Consider hiring a personal training or signing up for a class you never thought you could do, says Glazer, who is a trainer at Performix House in NYC. It’s not a failure to ask for help. It’s a trainer or instructor’s job to keep you and your body moving—use them.

#5 Buy new workout clothes.

“Find new reasons to love your body or buy new clothes that make you feel confident.,” suggests Steiber, who says it was her love of high-waisted leggings that gave her the extra push she needs to get moving postpartum. (Related: These High-Waisted Leggings Have 1,472 5-Star Reviews)

Science has shown that what you wear really does have a big impact on how you feel, think, and act. "When you put on new fitness gear, you begin to get into character like an actor putting on a costume for a performance," sports psychologist Jonathan Fader told us previously. "As a result, you expect to have a better performance, making you more mentally prepared for the task."

#6 Switch up your environment.

If the thought of slogging it on the treadmill makes you want to do just about anything BUT work out, why not take your miles outside? Finding ways to make workouts feel more like play and less like “exercise” will change your perspective, says Glazer. 

Being outside in nature has the uncanny ability to make you almost instantly less stressed and happier overall. So, grab a yoga mat and your headphones and practice your yoga flows in the nearby park.  (Related: 6 Reasons You Should Take Your Yoga Practice Outside)

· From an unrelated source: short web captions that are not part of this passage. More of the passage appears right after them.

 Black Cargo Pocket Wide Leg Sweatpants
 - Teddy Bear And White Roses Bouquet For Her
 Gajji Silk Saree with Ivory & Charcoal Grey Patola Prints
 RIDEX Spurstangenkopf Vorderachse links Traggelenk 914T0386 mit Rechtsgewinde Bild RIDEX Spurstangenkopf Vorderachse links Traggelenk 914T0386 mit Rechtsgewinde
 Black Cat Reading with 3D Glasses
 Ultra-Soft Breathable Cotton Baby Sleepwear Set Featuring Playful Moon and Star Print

#7 Know when to push yourself.

Ask yourself why you’re talking yourself out of workouts or have started to dread them. If you are overtrained and exhausted, “don't beat yourself up if you are exhausted and would rather take a nap, but know that it’s also good to push yourself sometimes,” says Steiber. Unlocking your reason for avoiding an activity that sued to bring you joy, is the secret to jumping over the hurdle to find joy in movement again. (Related: Is It Possible to Do Too Much HIIT?)

#8 Get uncomfortable.

Complacency is the fast track to boredom. If you’ve been doing the same workout for months and stopped seeing the changes that got you into it in the first place, it’s definitely time for a change. “Try something new,” says Glazer.  Get uncomfortable or learn a new sport. Find joy and excitement in new chapters, new beginnings, and new goals!”

#9 Join a team.

If fitness feels like a drag on your social life or the idea of training for a race sounds like the loneliest way to work out, consider joining a team, says Glazer. Think: intramural, adult league sports.

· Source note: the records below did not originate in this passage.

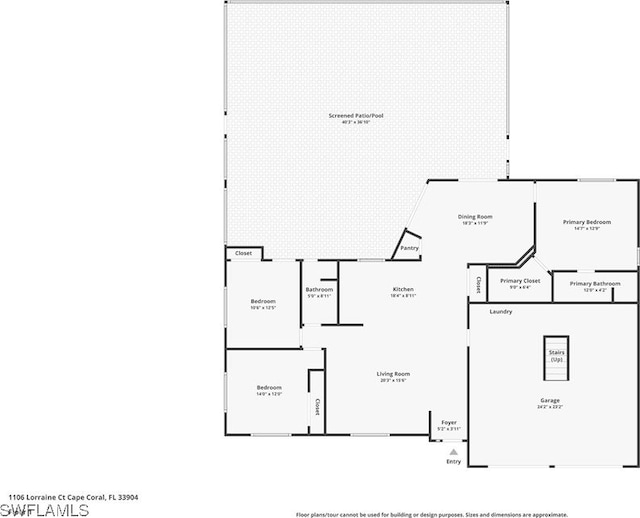 1106 Lorraine Ct, Cape Coral, FL 33904 - view of home floor plan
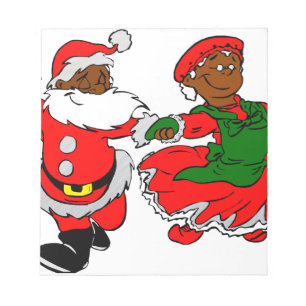 schwarze Santa Mrs. Claus Notizblock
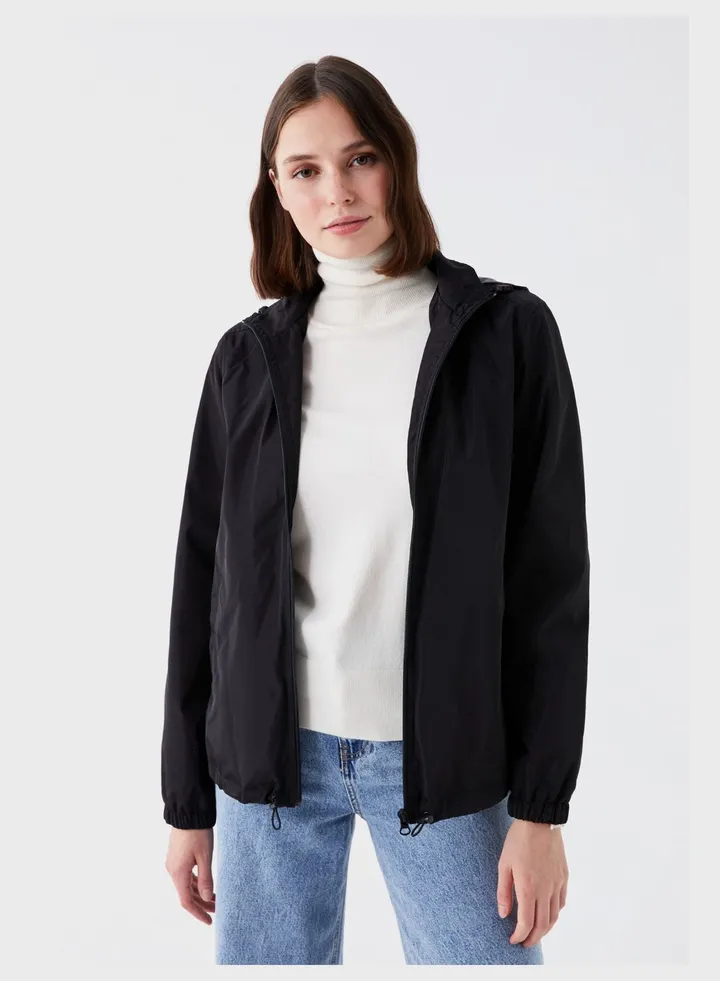 Hooded Puff Sleeve Raincoat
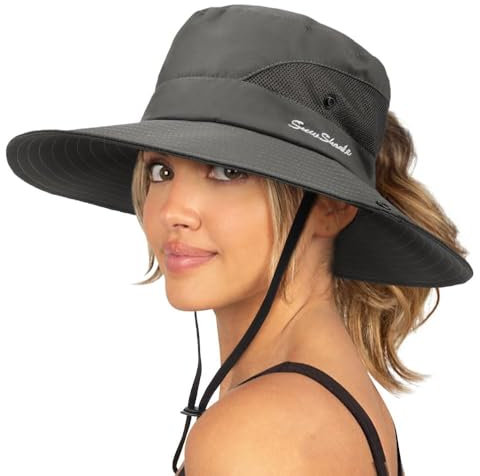 DRESHOW Damen Sonnenhut Outdoor UV-Schutz Hut faltbar Mesh breite Krempe Angeln Pferdeschwanz Strand Eimer Hüte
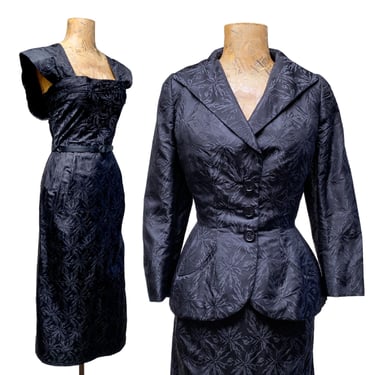 Vintage 1950s Adele Simpson Cocktail Wiggle Dress & Wasp Waist Jacket, Mid-Century Black Silk Jacquard Two-Piece Suit, Small 34" Bust, VFG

“This is a great way to network, meet new friends, and find accountability buddies,” she says. 

#10 Stop exercising.

OK, hear us out. As Glazer puts it, falling back in love with movement is simple, you just need to stop exercising and training and instead start moving and playing.

Bottom line: Fitness should be fun. If it’s not, you’re not going to do it. “Dance, play, run, jump, act like a kid, and just move like you used to before you cared about what you looked like or if you were getting your steps in for the day.”